A sign of desperation from the Obama White House: senior adviser David Plouffe now says public anger over Wall Street will be a big part of the President's 2012 strategy. "We intend to make it one of the central elements of the campaign next year," Plouffe told the Washington Post. "One of the main elements of the contrast will be that the President passed Wall Street reform and our opponent and the other party want to repeal it." True enough. The President did sign the watered-down, overly complicated and difficult-to-enforce Dodd-Frank reform package last year, and the Republicans, at the bankers' behest, are trying to gut it. And it is also true that the Occupy Wall Street (OWS) protests reflect a general belief--ranging across the political spectrum from Tea Partyers to anarchists and a great many average folks in between--that the big banks have raped and pillaged the American economy.
But there are problems with the President's new populist tack. The first is the OWS movement itself, which includes a generous measure of weirdos, ideologues and free-range troublemakers. A recent, unscientific New York magazine poll of 100 demonstrators found that 34% believed the U.S. government is no better than al-Qaeda. I wouldn't be at all surprised if the OWS protesters managed, before long, to destroy the credibility of a worthy political complaint in a spasm of puerile extremism. The other problem is the President's credibility as an anti--Wall Street crusader. He has none.

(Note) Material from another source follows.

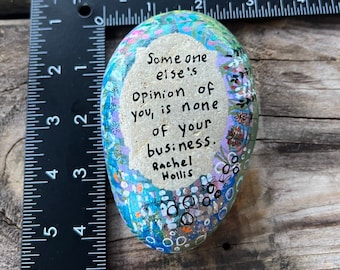 Empowering Rachel Hollis Quote Rock - Arte pintado a mano sobre piedra de 4,5 pulgadas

Ron Suskind's new book about the Obama economic policy, Confidence Men, has drawn a lather of complaints from the Administration and some journalists--and some of the dust is justified. There are more than a few careless mistakes in the book. I mean, how hard would it be to check the proper spelling of legendary banker Walter Wriston's name? But Suskind has gotten the most important thing right: Obama was faced with a fairly stark economic-policy choice after he was elected, and he chose wrong.
The President could have taken the painful path of real Wall Street reform, espoused by former Federal Reserve Chairman Paul Volcker--who might have been Obama's Treasury Secretary--and the consumer-credit reformer Elizabeth Warren. This would have meant restructuring the big banks. It would have meant reimposing real regulatory reforms--like the Glass-Steagall Act, which prohibited traditional banks from engaging in most of the fancy Wall Street derivatives gambling. And it might even have meant imposing a tax on Wall Street transactions, especially financial derivatives, in order to discourage the speculative churning that helped collapse the market. It would have meant that the big banks paid a price for their bailouts.